TransZero++: Cross Attribute-guided Transformer for Zero-Shot Learning

Overview

TransZero++

This repository contains the testing code for the paper "TransZero++: Cross Attribute-guided Transformer for Zero-Shot Learning" submitted to TPAMI. We will release all codes of this work later.

Preparing Dataset and Model

We provide trained models (Google Drive) on three different datasets: CUB, SUN, AWA2 in the CZSL/GZSL setting. You can download model files as well as corresponding datasets, and organize them as follows:

.
├── saved_model
│   ├── TransZeroPP_CUB_CZSL.pth
│   ├── TransZeroPP_CUB_GZSL.pth
│   ├── TransZeroPP_SUN_CZSL.pth
│   ├── TransZeroPP_SUN_GZSL.pth
│   ├── TransZeroPP_AWA2_CZSL.pth
│   └── TransZeroPP_AWA2_GZSL.pth
├── data
│   ├── CUB/
│   ├── SUN/
│   └── AWA2/
└── ···

Requirements

The code implementation of TransZero++ mainly based on PyTorch.

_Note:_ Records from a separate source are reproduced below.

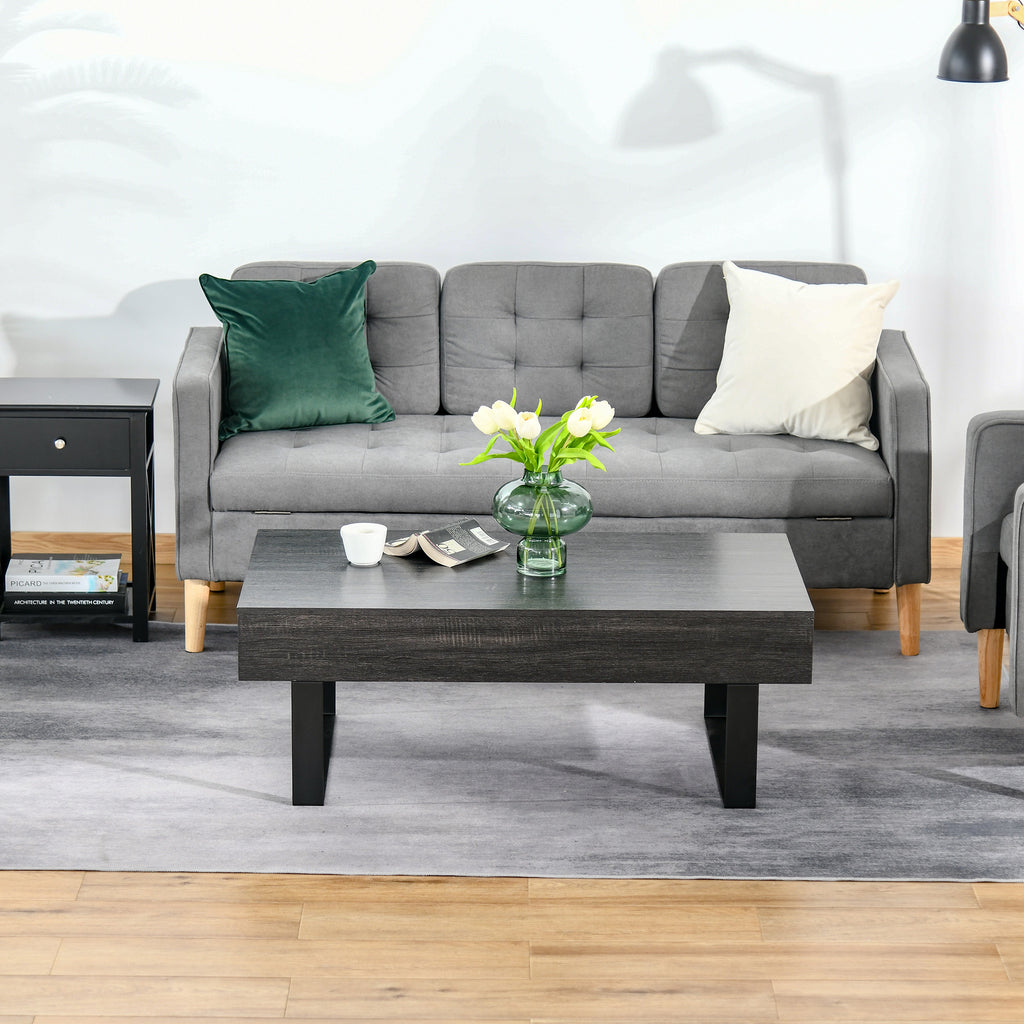 Mesa de Centro Retangular Mesa Auxiliar com Gaveta e Pés Elevados de Metal de Estilo Moderno para Sala de Estar Escritório 110x60x40cm Cinza Escuro — foto 2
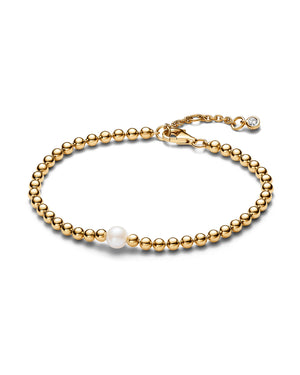 Bracciale catena da donna Pandora Timeless in lega metallica dorata 14kt con perla d'acqua dolce e sfere 563173C01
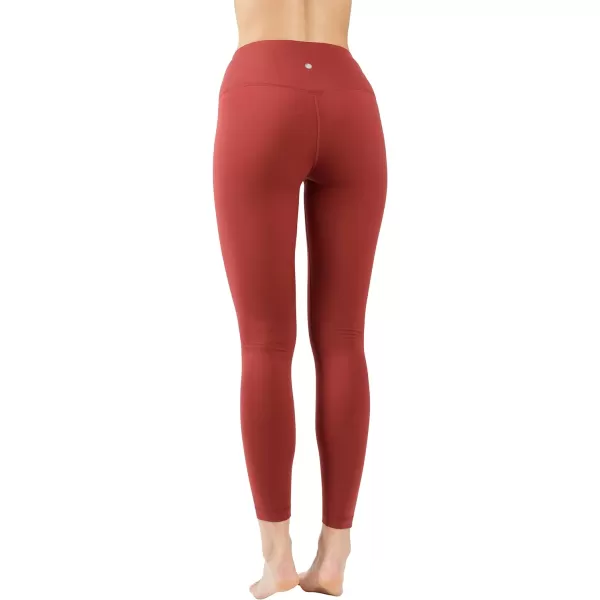 Yogalicious Squat Proof Fleece Lined High Waist Leggings for WomenRustic Cognac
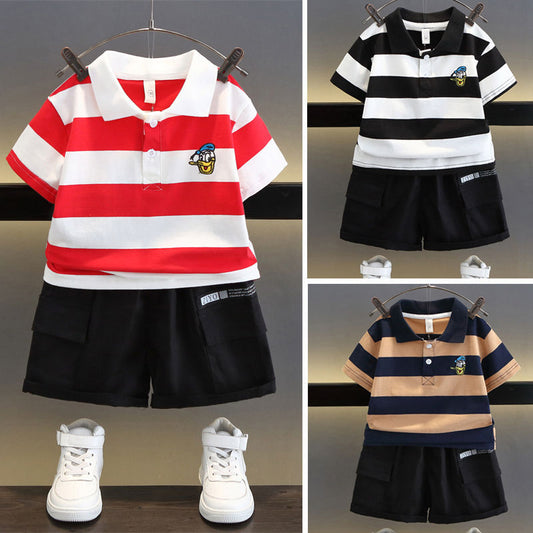 Embroidered Duck Striped Simple Fashion Comfortable Children's Suit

All of our experiments run and test in Python 3.8.8. To install all required dependencies:

$ pip install -r requirements.txt

Runing

Runing following commands and testing TransZero++ on different dataset:

CUB Dataset:

$ python test.py --config config/CUB_CZSL.json      # CZSL Setting
$ python test.py --config config/CUB_GZSL.json      # GZSL Setting

SUN Dataset:

$ python test.py --config config/SUN_CZSL.json      # CZSL Setting
$ python test.py --config config/SUN_GZSL.json      # GZSL Setting

AWA2 Dataset:

$ python test.py --config config/AWA2_CZSL.json     # CZSL Setting
$ python test.py --config config/AWA2_GZSL.json     # GZSL Setting

Results

Results of our released models using various evaluation protocols on three datasets, both in the conventional ZSL (CZSL) and generalized ZSL (GZSL) settings.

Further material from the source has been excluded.